W święta doszło do zakłóceń działania systemu GPS w rejonie Bałtyku. Według podpułkownika Joakima Paasikiviego, wykładowcy strategii wojskowej Szwedzkiej Akademii Obrony, mogła za tym stać Rosja, której celem było pokazanie, że potrafi przeprowadzać tego rodzaju akcje.
W dniach 25-27 grudnia miały miejsce przerwy w funkcjonowaniu GPS nad Morzem Bałtyckim, duńską wyspą Bornholm, południową Szwecją, częścią Litwy oraz Polski.
Według Paaskiviego, który udzielił wywiadu fińskiemu szwedzkojęzycznemu portalowi YLE, zakłócenia mogły być "pewnego rodzaju testem" przed zastosowaniem ich przez Rosję w wojnie "w szarej strefie" lub wojnie hybrydowej.
"Może to być początek nieprzyjemnej eskalacji. Jeśli doszłoby do zniszczenia satelitów, odbiłoby się to na dużej części systemów informatycznych oraz gospodarce" – uważa Paasikivi.

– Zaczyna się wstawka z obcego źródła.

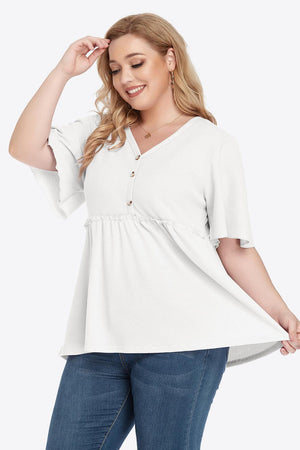 Contemporary Buttoned Frill Trim Plus Size Babydoll Blouse - MXSTUDIO.COM
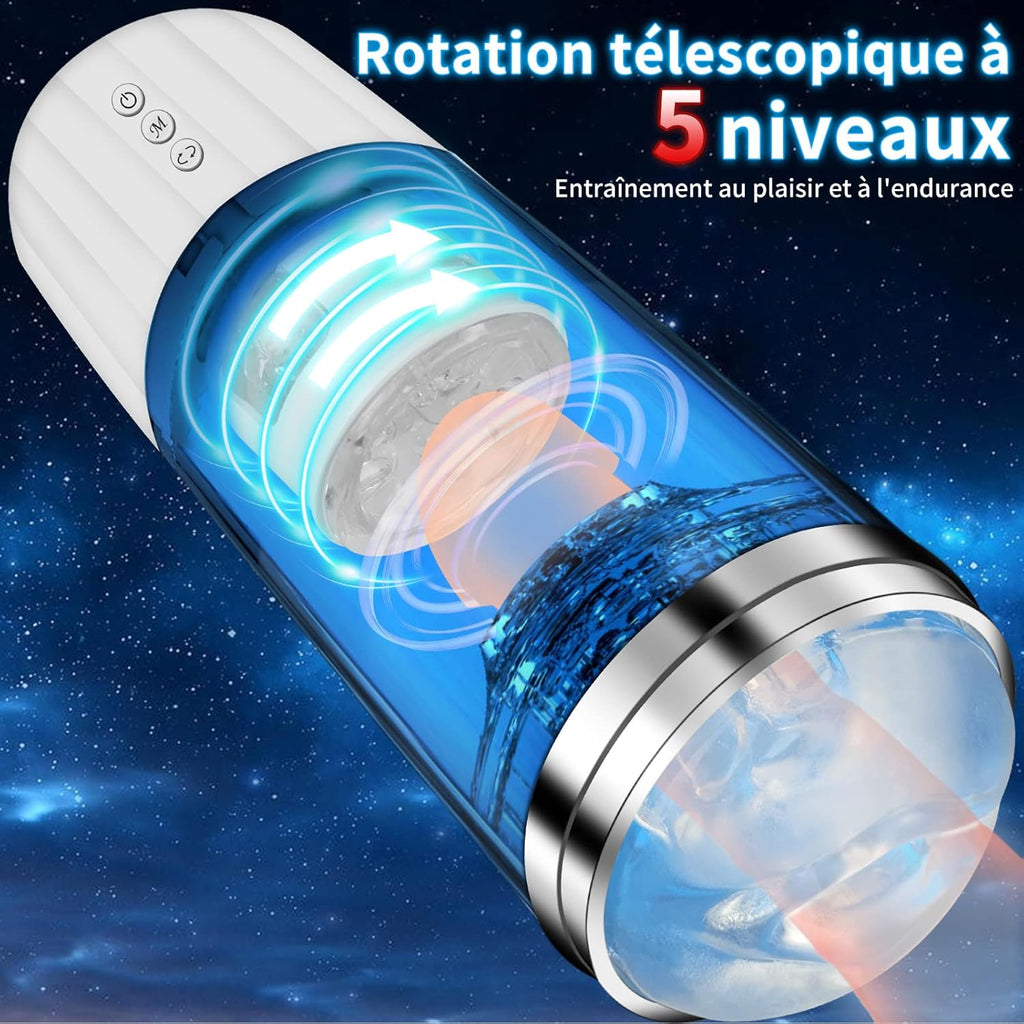 Masturbeuse Homme，Masturbateurs Masculins，Avec 10 Modes de Vibration et 5 Modes de Succion ，Piston Rétractable et rotatif au Niveau du Gland，Masturbateur Automatique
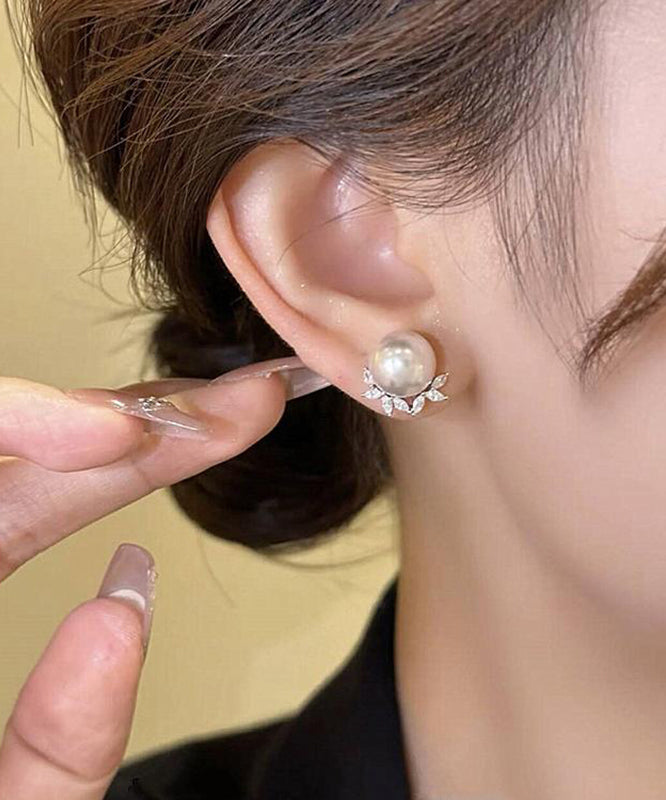 Zircon Earrings Leaf Pearl Copper Chic Stud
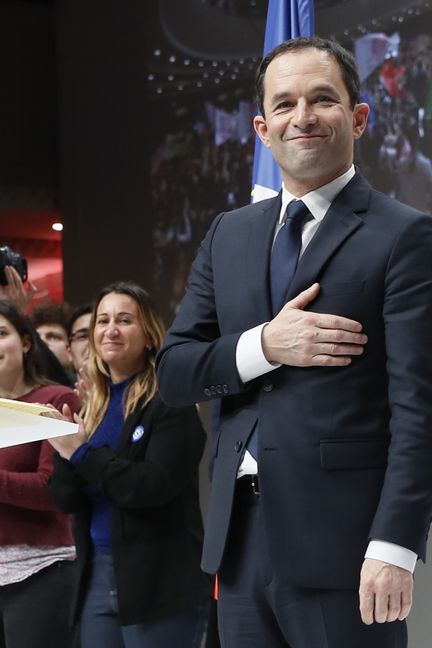 Benoît Hamon lors son investiture officielle en tant que candidat du Parti socialiste à l'élection présidentielle, le 5 février 2017 à Paris (THOMAS SAMSON / AFP)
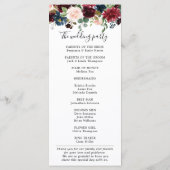 Bourgogne Blush Navy Blauw Botanische Bloemen Boho Programma (Achterkant)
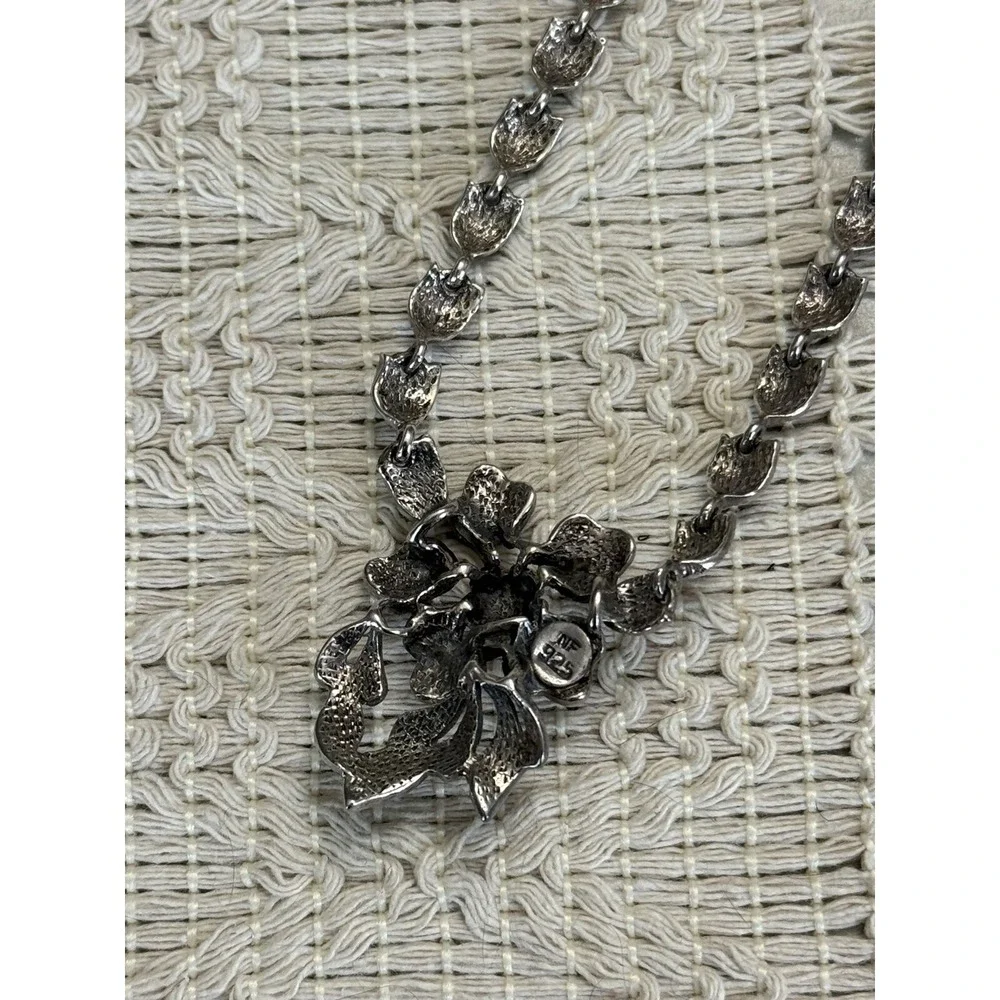 Vintage .925 Sterling Silver Marcasite Flower Pendant Choker 17" Necklace NF - Picture 5 of 10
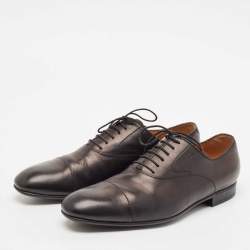 Gucci Black Leather Lace Up Oxfords Size 44.5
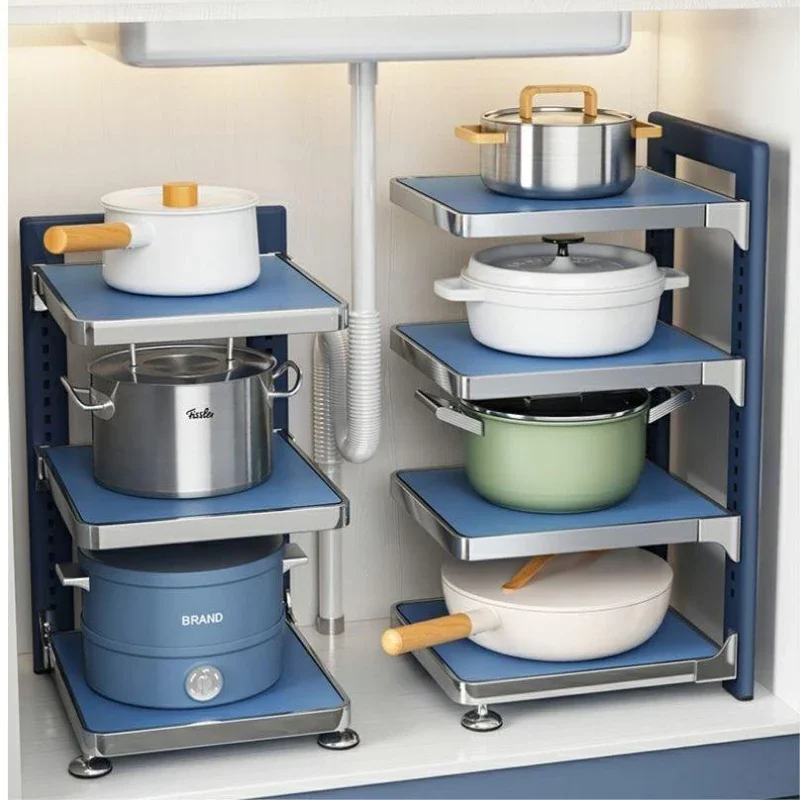 Pot Rack Kitchen Pot Storage Shelf Cabinet Pot Rack Multi-Functional Kitchen Sink Corner Storage Closet Organizer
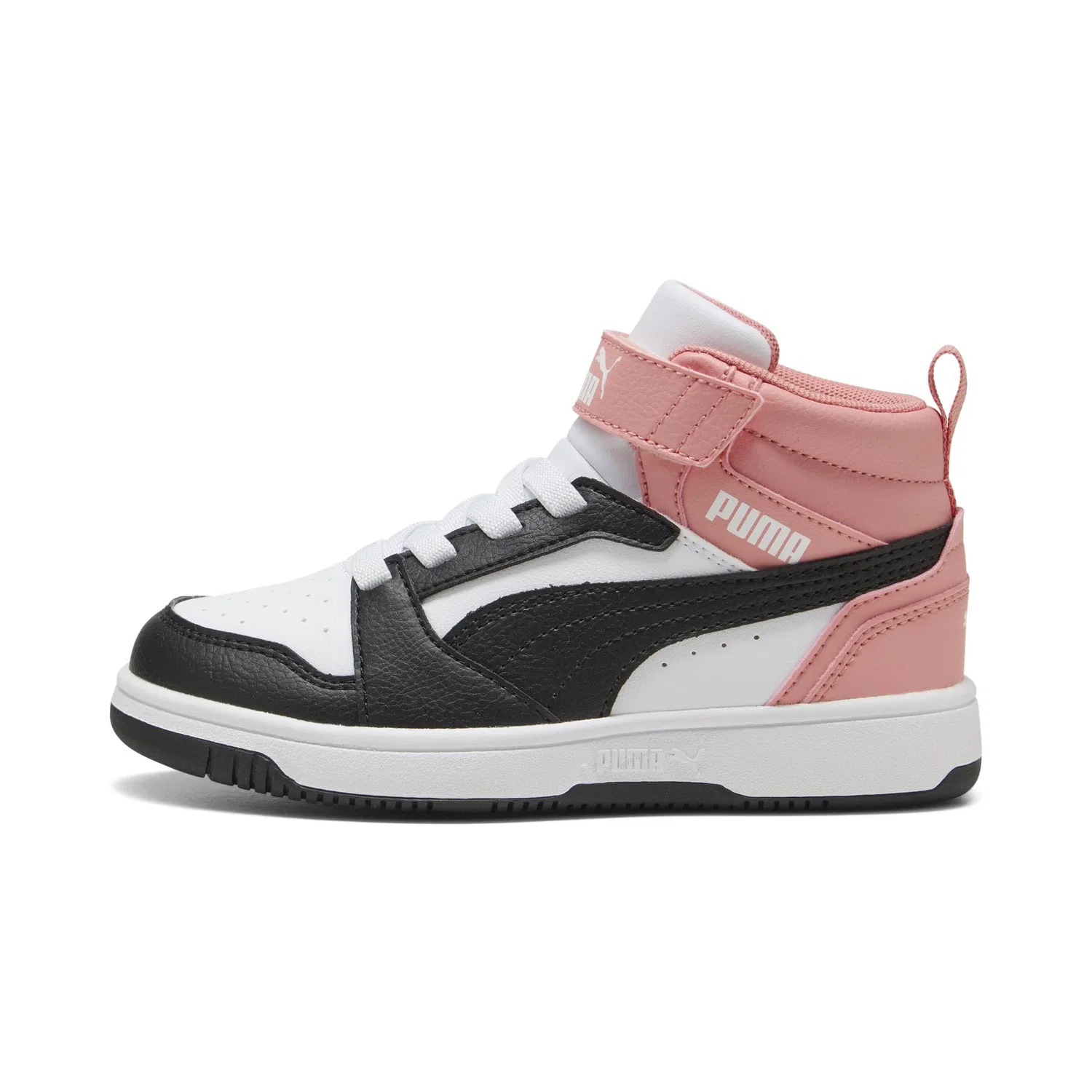 Детские кроссовки для мальчиков с высоким берцем PUMA Rebound V6 Mid Ac+ Ps PUMA, Bianco Con Grigio E Blu — фото 3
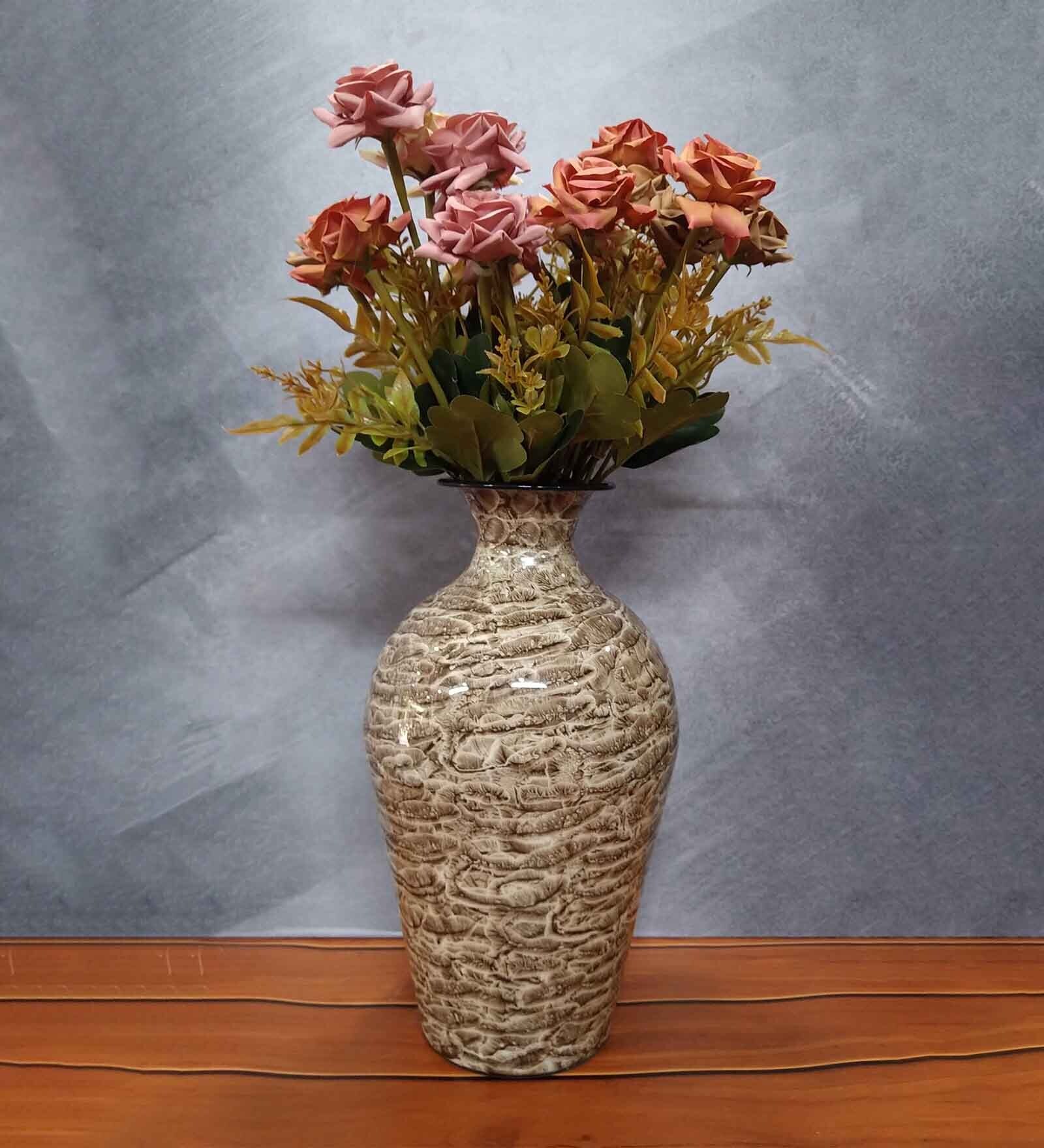 Floral White & Brown Metal Vase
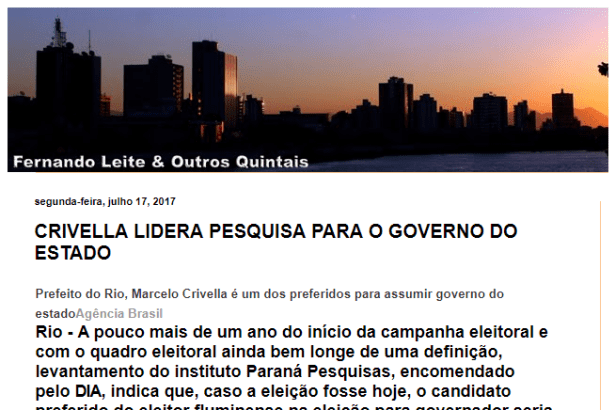 Blog Fernando Leite divulga pesquisa realizada pela Paraná Pesquisas no Estado do Rio de Janeiro sobre a disputa eleitoral para o Governador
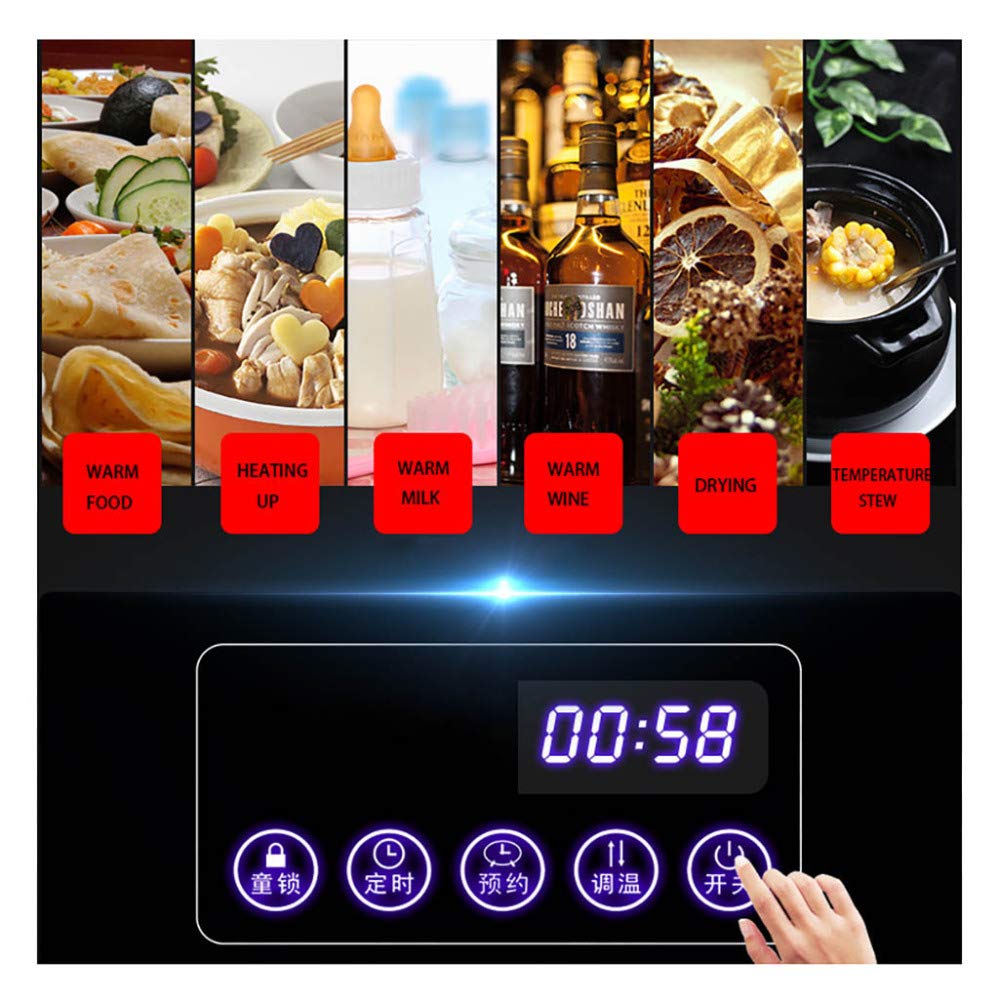 Mirbly Bandeja de Calientaplatos Electrico, Calienta Platos con temporizador táctil, calentador giratorio para el hogarBandeja De Calientaplatos Electrico, Calienta Platos Con Temporizador Táct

Szwedzki wojskowy zapytany, czy należy martwić się o to, odpowiedział: "powinniśmy zachować czujność".
Jak podała duńska gazeta "Dagbladet Information", awaria GPS zbiegła się w czasie z rosyjskimi ćwiczeniami na Bałtyku. "Ten zbieg okoliczności nie jest przypadkowy" – ocenił ekspert Duńskiej Szkoły Borny, Peter Viggo Jakobsen.
Sygnały GPS są wykorzystywane w nawigacji samolotów, statków oraz samochodów.